Leave out the pictures and reproduce all of the data exactly.

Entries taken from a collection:
==============================
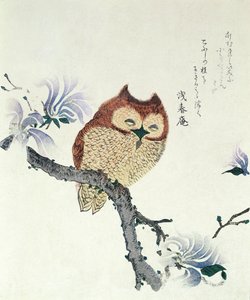 Eule auf einem Magnolienzweig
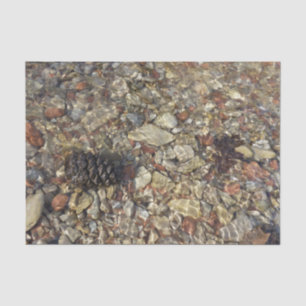 Pebbles in Taylor Creek Nature Photography Tissue Paper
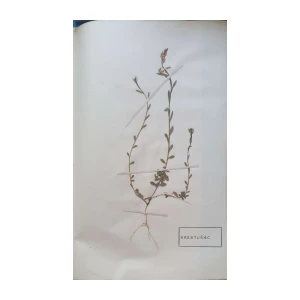 Aleksandar Semnic: Novi herbar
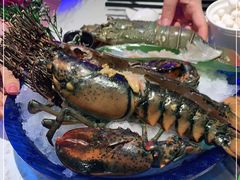 -半岛听涛蒸汽海鲜自助(K11店)
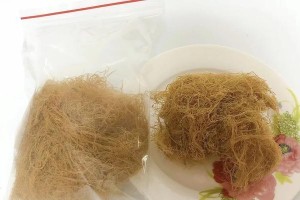 狗毛膏草（探索狗毛膏草的用途和健康益处）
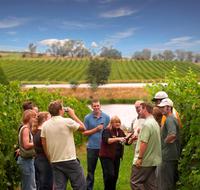 Tour por las bodegas del valle del Yarra desde Melbourne Tour por las bodegas del valle del Yarra desde Melbourne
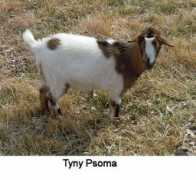 Psoma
==============================
### ANSWER BELOW
 Eule auf einem Magnolienzweig
 Pebbles in Taylor Creek Nature Photography Tissue Paper
 Aleksandar Semnic: Novi herbar
 -半岛听涛蒸汽海鲜自助(K11店)
 狗毛膏草（探索狗毛膏草的用途和健康益处）
 Tour por las bodegas del valle del Yarra desde Melbourne Tour por las bodegas del valle del Yarra desde Melbourne
 Psoma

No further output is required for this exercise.